Historical records suggest that male athletes used hand weights to give them greater power at liftoff during the standing long jump event, says Dr. Alberto E. Minetti, a professor of exercise physiology at Great Britain's Manchester Metropolitan University who studies the early days of sports. "Ancient Greek athletes intuitively found their way to use the optimal mass for that jump."
Minetti, who says the hand weights weren't a form of cheating, is proposing that track and field athletes adopt their use today.
Such a practice would be a blast from the past. "We certainly know that it was introduced on the 18th Olympiad, together with the other pentathlon specialties," Minetti says. "It was a standing jump where athletes swung their upper limbs back and forth at the sound of a flute, then left the ground to reach the maximum horizontal distance."
Artifacts show the Greek athletes used weights of between 2.5 and 10 pounds, Minetti says. They held the weights over their heads at the start of their jumps and moved them behind their backs as they completed them.
Minetti and colleagues have been studying how the weights could have affected the performance of the athletes.
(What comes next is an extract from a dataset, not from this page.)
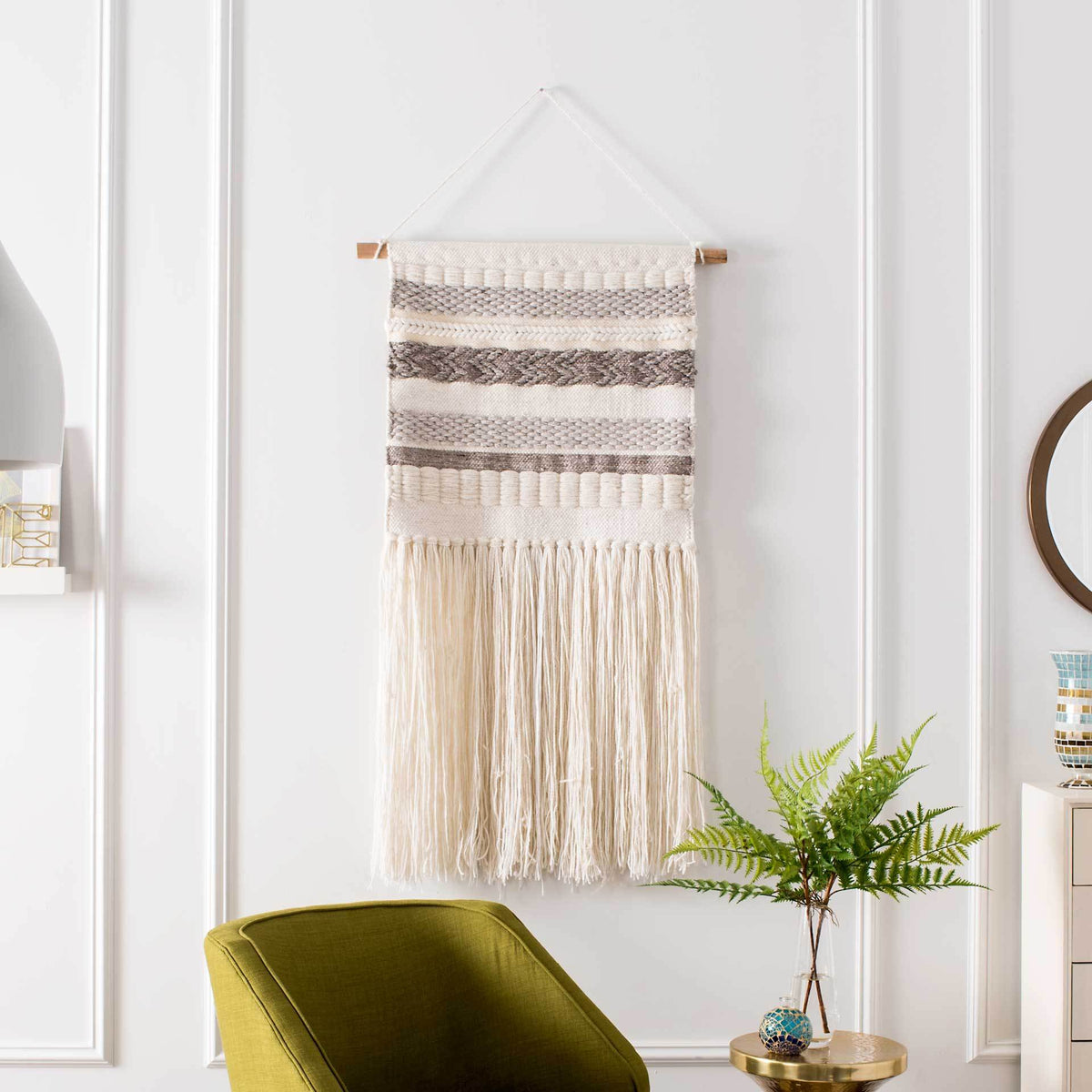 Subtle ivory-and-gray stripes add gentle contrast to this fringed woven wall tapestry.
Their findings appear in tomorrow's issue of Nature.
The researchers found the use of weights increased the span of long jumps by 17 centimeters, or 6.7 inches. The weights work by displacing the body's center of mass, allowing for a longer "flight" time, and by encouraging better use of muscles, Minetti says.
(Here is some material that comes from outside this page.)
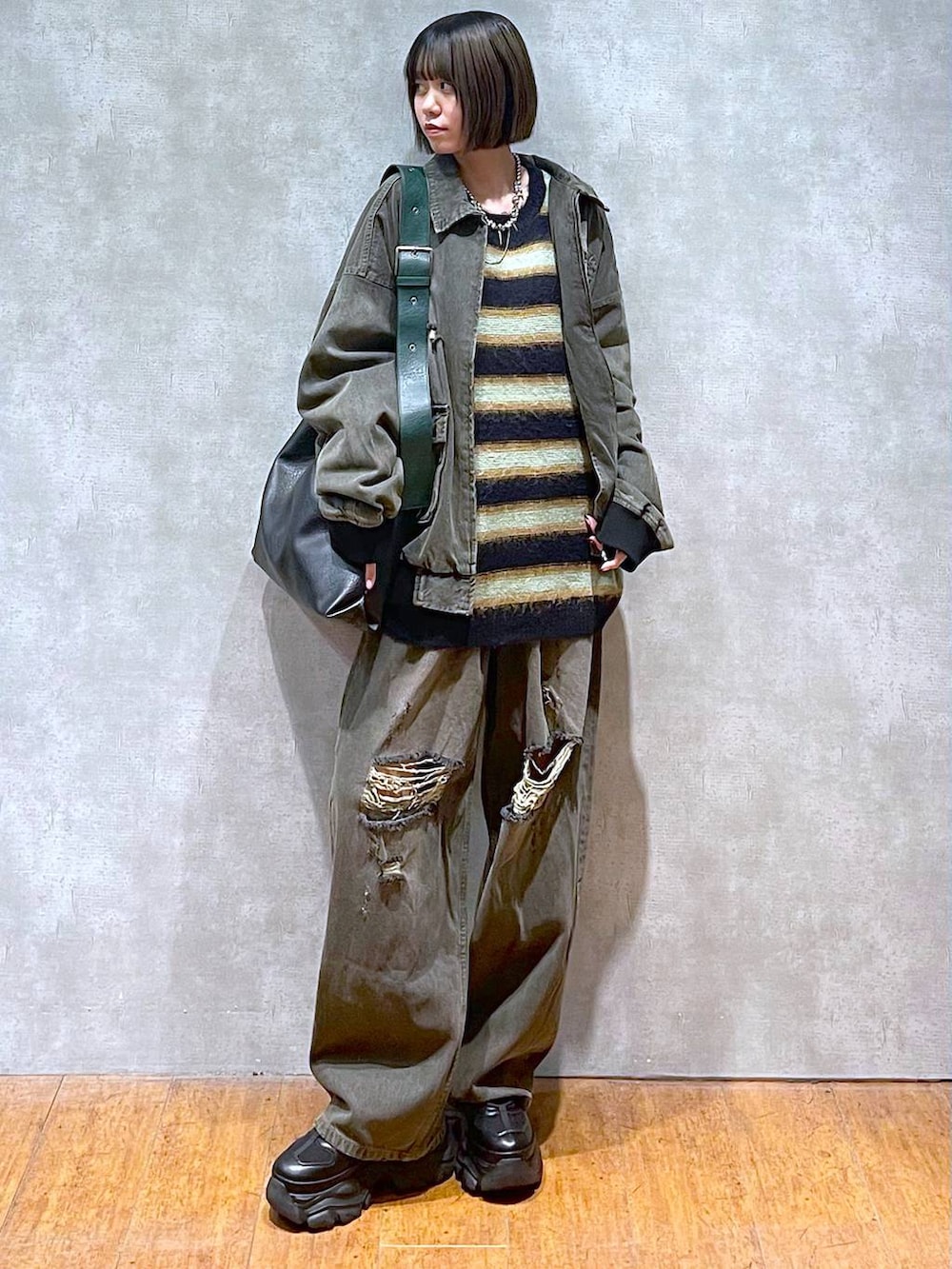 ブラック系のスニーカー、ブラック系のデニムパンツ、ブラック系のブルゾンを着用したレディースの秋コーディネートの9枚目の写真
"It is intuitive that if we jump with heavy luggage, we will certainly not fly a longer distance," he says. However, the Greeks discovered an optimum weight level that actually improved performance.
Since every standing long jump athlete used the weights, they weren't a form of cheating, he says. In fact, "there are many sports which use passive tools to enhance motion and locomotion, such as poles, skates, skis, fins and bicycles."
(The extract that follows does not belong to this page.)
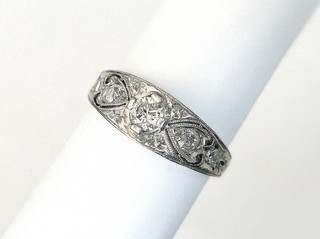 FIVE DIAMONDS PIERCED & ENGRAVED PLATINUM RING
Other sports that emphasize jumping or the use of upper arms could benefit from the use of weights -- known as halteres -- held on the wrist, at least during practice, Minetti says. The sports include pole vaulting, ice skating, volleyball, ski jumping and even basketball.
However, modern athletes might not want to copy all performance-enhancing habits of Greek sportsmen. Just like athletes in the 21st century, they turned to superstition and drugs, too, says Charles Yesalis, a professor of health and human development at Pennsylvania State University who studies performance enhancers.
"It's part of human nature to seek an advantage if you're in competition, whether it's battle, business, or sport," Yesalis says.
Some ancient athletes would eat an animal heart for courage or testicles for potency. Greeks also relied upon wine concoctions and hallucinogenic drugs, he says. But no one minded too much. Only after World War I did athletic organizations begin to worry about the use of drugs by athletes, he says, even though powerful ones had been in use for decades.